Hughes can be just as vivid when writing about the art he loves. He has described the boys in Caravaggio’s paintings, for example, as “overripe bits of rough trade, with yearning mouths and hair like black ice cream,” and evoked Francis Bacon’s famous screaming pope “smearily rising from blackness like carnivorous ectoplasm.” In general, his taste tends toward art with a sensuous, intelligent physicality, a tactile sense of craftedness, and subject matter you can sink your teeth into. Goya is a longstanding favorite (his superb biography of the artist was recently issued in paperback), and he has published persuasive encomiums to contemporaries including Lucian Freud, Philip Guston, Robert Rauschenberg, and Robert Crumb.

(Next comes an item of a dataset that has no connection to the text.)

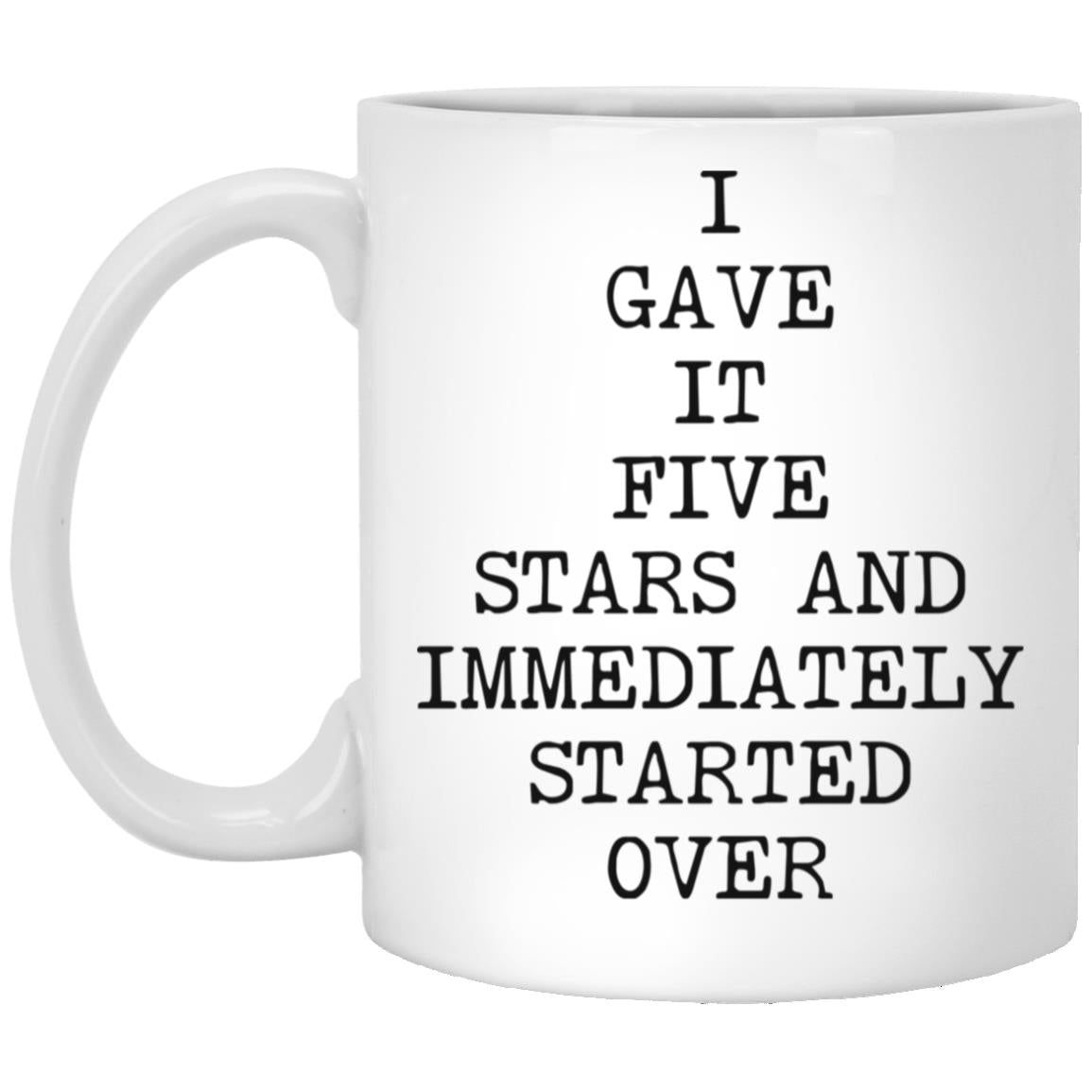 Five Stars Started Over coffee mug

But all critics have their blind spots: particular styles or tendencies that they categorically dismiss, unable or unwilling to engage with the work on its own terms. Hughes’ is conceptual art, particularly the ludic, cerebral variety that began with Duchamp and has been carried on by generations of artists, from Joseph Beuys and John Baldessari through Tracy Emin and Maurizio Cattelan. For Hughes, most conceptual art is too intellectualized, too disembodied; it lacks the substance and sensual immediacy that defines truly great art. “Art requires the long look,” he wrote in the introduction to his 1990 collection of essays, Nothing If Not Critical. “It is a physical object, with its own scale and density as a thing in the world.” While this is true of most art up through the 19th century, the new century ushered in a new way of thinking about art as a set of concepts, a mode of interaction, a manner of seeing and apprehending the world that may—or may not—be tied to a discrete physical object. To reject this approach entirely is to cut oneself off from much of what’s interesting and compelling in the art of the last 100 years. And it’s here, in his refusal to engage with this core tenet of contemporary art, that Hughes still exudes a faint whiff of provincialism.

Though he has lived and worked outside Australia for more than 40 years—more than half his lifetime—Hughes has never renounced his Australian citizenship; in American Visions, he confesses that he has always found “a degree of freedom” in his status as a resident alien. This jealously guarded outsider’s perspective is one of his great strengths as a critic—it has enabled him to look at art with fresh eyes and to dissent from the majority opinion, particularly concerning contemporary art—but it’s also the source of his greatest weakness. To Hughes, conceptual art looks like nothing more than an insider’s mind game. And while it’s true that much conceptual art is trivial or banal or needlessly hermetic, the track record of traditional, object-based art is no better. I would love to see Hughes set aside his doubts (at least temporarily), step inside the circle, and grapple with conceptual art on its own terms. But perhaps it’s too much to expect even our greatest village explainer to explain it all.